Copy the data verbatim and leave out every picture.

Stored records
══════
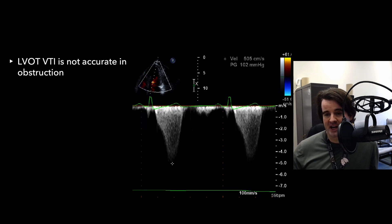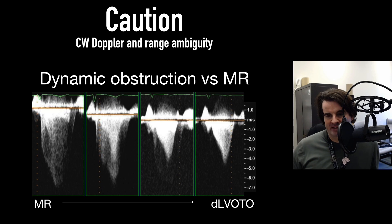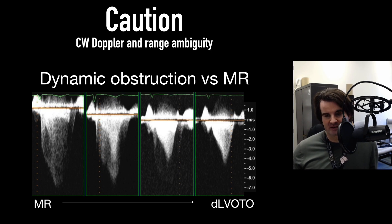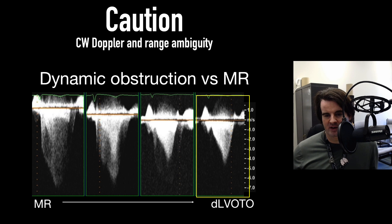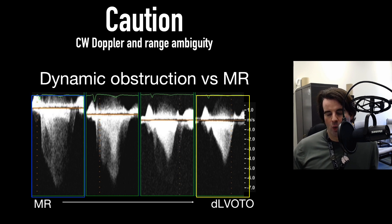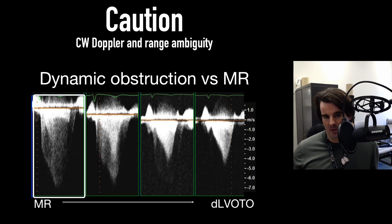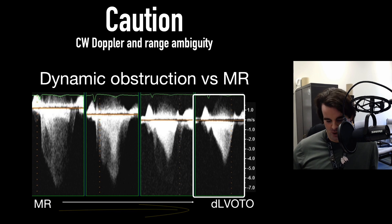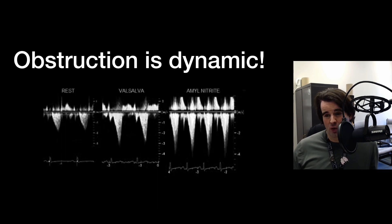Importantly, VTI tracing is not accurate in obstruction, so use caution in trying to trace it to produce a stroke volume. There can be mixing of signals from dynamic obstruction versus mitral regurgitation. With systolic anterior motion, there can be a significant posterior-lateral jet. On the apical five-chamber view with CW placed there, you can mix LVOT and MR signals. It's important to recognize the difference: MR starts right at the onset of systole, whereas the outflow tract signal shows that dagger shape as blood tries to escape.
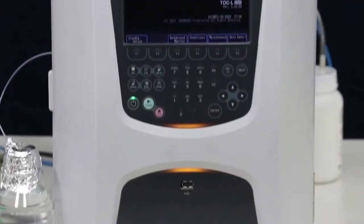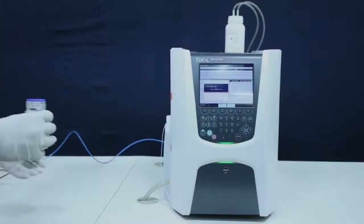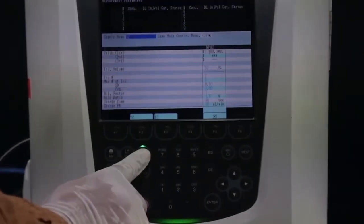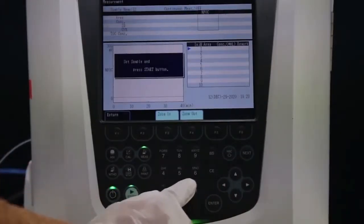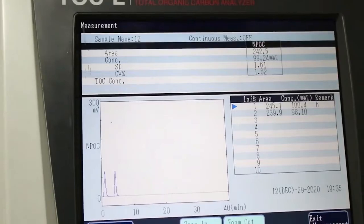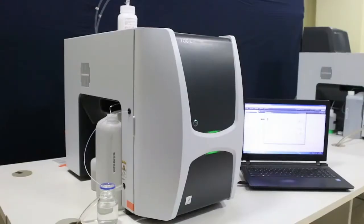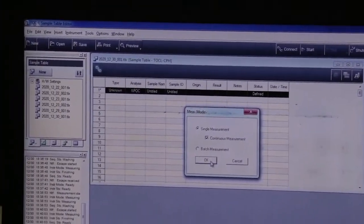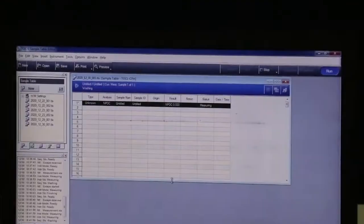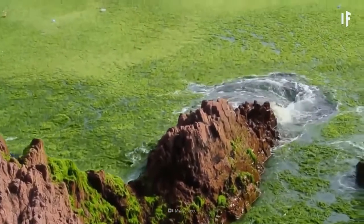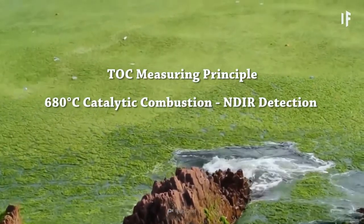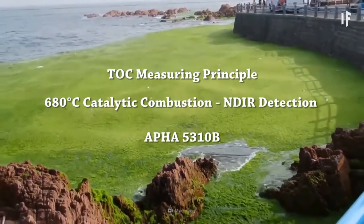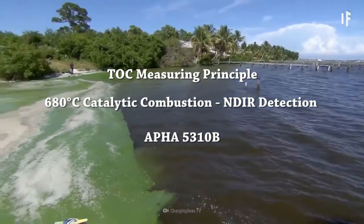By using the Shimadzu TOC analyzer, TOC analysis is made easy and simple — just place the sample bottle in the apparatus and the sample is analyzed automatically. Two models are available: the standalone model with inbuilt method selection via display and keyboard, and the PC-controlled model where software on a PC is used to select methods and programs. The TOC value and peak area are displayed in both models. The measurement principle is 680°C catalytic combustion with NDIR detection, based on reference method APHA 5310B.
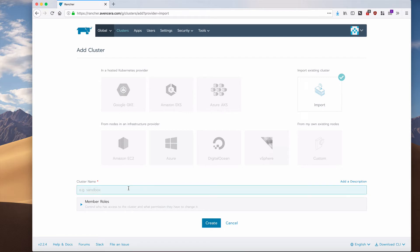I will name the cluster and I will hit create.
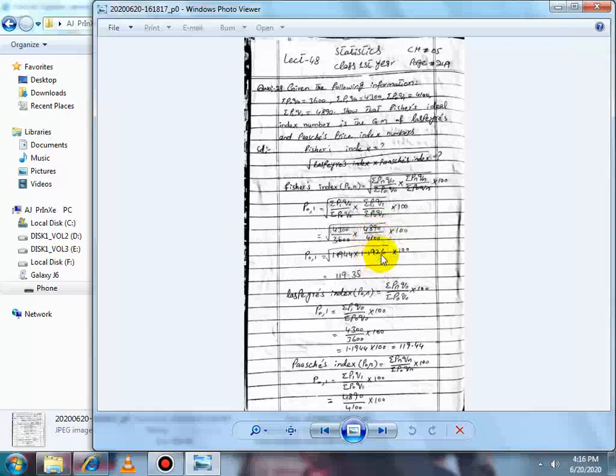Computing step by step: 4300 divided by 3600 gives 1.1944, and 4890 divided by 4100 gives 1.1926. Multiplying these together and taking the square root, then multiplying by 100, gives us Fischer's Ideal Index equal to 119.35.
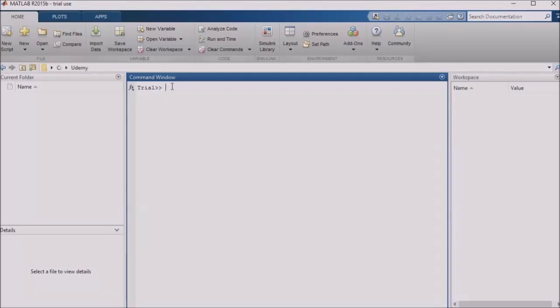Alright, in this lesson we're going to look at several topics, including a couple which I've been promising to tell you more about. Those topics are data types and inheritance, sample times and sample rates, rate transitions, and triggered and enabled subsystems. So let's jump right in and get started.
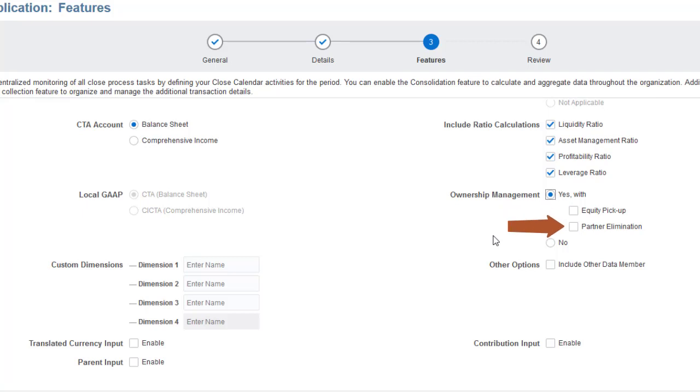The Partner Elimination option enables you to create configurable consolidation and configurable calculation rules that write data directly to a sibling if the sibling is the intercompany partner of the entity currently being consolidated, or if a descendant of the sibling is its intercompany partner.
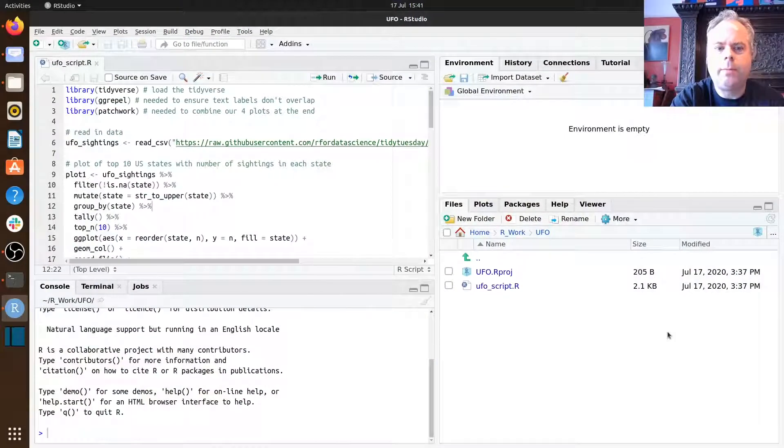For the assessments associated with this unit, you need to use R Markdown to generate an HTML document, and it's that HTML document you need to submit to Blackboard. In this video, I'm going to show you how to do that. We're going to go into our R Studio session, and I'm using a version of the script from the second workshop where you plotted the UFO data. I've got the script already loaded in my R session.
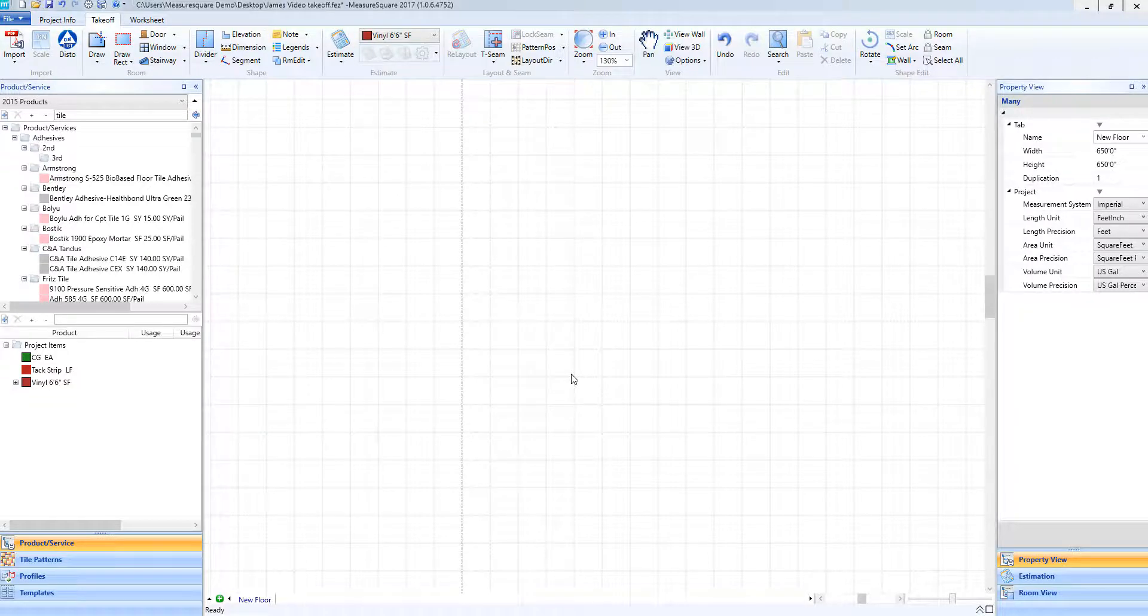Hey guys, Jim from MeasureSquare here. Welcome to part three of the takeoff tutorials in the Getting Started series for MeasureSquare 8. In this video we will cover drawing a room using our free draw tool.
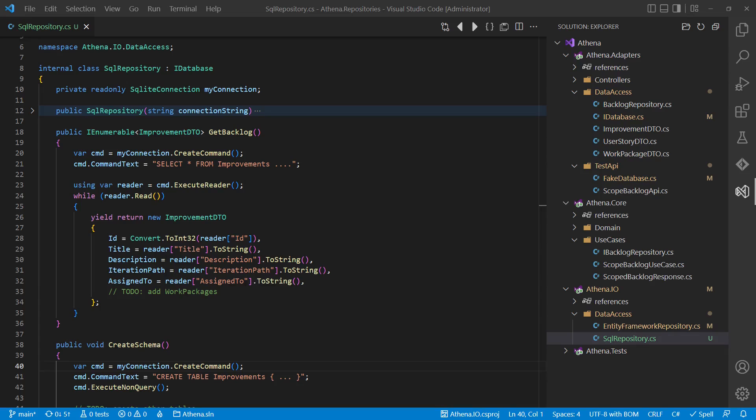This approach would encapsulate this database technology completely and we could easily switch to, for example, a document database by just replacing this one implementation with another one. The drawback would be that the amount of code in the IO layer is significantly increased.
══════
Answer area:
Importantly, VTI tracing is not accurate in obstruction, so use caution in trying to trace it to produce a stroke volume. There can be mixing of signals from dynamic obstruction versus mitral regurgitation. With systolic anterior motion, there can be a significant posterior-lateral jet. On the apical five-chamber view with CW placed there, you can mix LVOT and MR signals. It's important to recognize the difference: MR starts right at the onset of systole, whereas the outflow tract signal shows that dagger shape as blood tries to escape.
By using the Shimadzu TOC analyzer, TOC analysis is made easy and simple — just place the sample bottle in the apparatus and the sample is analyzed automatically. Two models are available: the standalone model with inbuilt method selection via display and keyboard, and the PC-controlled model where software on a PC is used to select methods and programs. The TOC value and peak area are displayed in both models. The measurement principle is 680°C catalytic combustion with NDIR detection, based on reference method APHA 5310B.
I will name the cluster and I will hit create.
Computing step by step: 4300 divided by 3600 gives 1.1944, and 4890 divided by 4100 gives 1.1926. Multiplying these together and taking the square root, then multiplying by 100, gives us Fischer's Ideal Index equal to 119.35.
Alright, in this lesson we're going to look at several topics, including a couple which I've been promising to tell you more about. Those topics are data types and inheritance, sample times and sample rates, rate transitions, and triggered and enabled subsystems. So let's jump right in and get started.
The Partner Elimination option enables you to create configurable consolidation and configurable calculation rules that write data directly to a sibling if the sibling is the intercompany partner of the entity currently being consolidated, or if a descendant of the sibling is its intercompany partner.
For the assessments associated with this unit, you need to use R Markdown to generate an HTML document, and it's that HTML document you need to submit to Blackboard. In this video, I'm going to show you how to do that. We're going to go into our R Studio session, and I'm using a version of the script from the second workshop where you plotted the UFO data. I've got the script already loaded in my R session.
Hey guys, Jim from MeasureSquare here. Welcome to part three of the takeoff tutorials in the Getting Started series for MeasureSquare 8. In this video we will cover drawing a room using our free draw tool.
This approach would encapsulate this database technology completely and we could easily switch to, for example, a document database by just replacing this one implementation with another one. The drawback would be that the amount of code in the IO layer is significantly increased.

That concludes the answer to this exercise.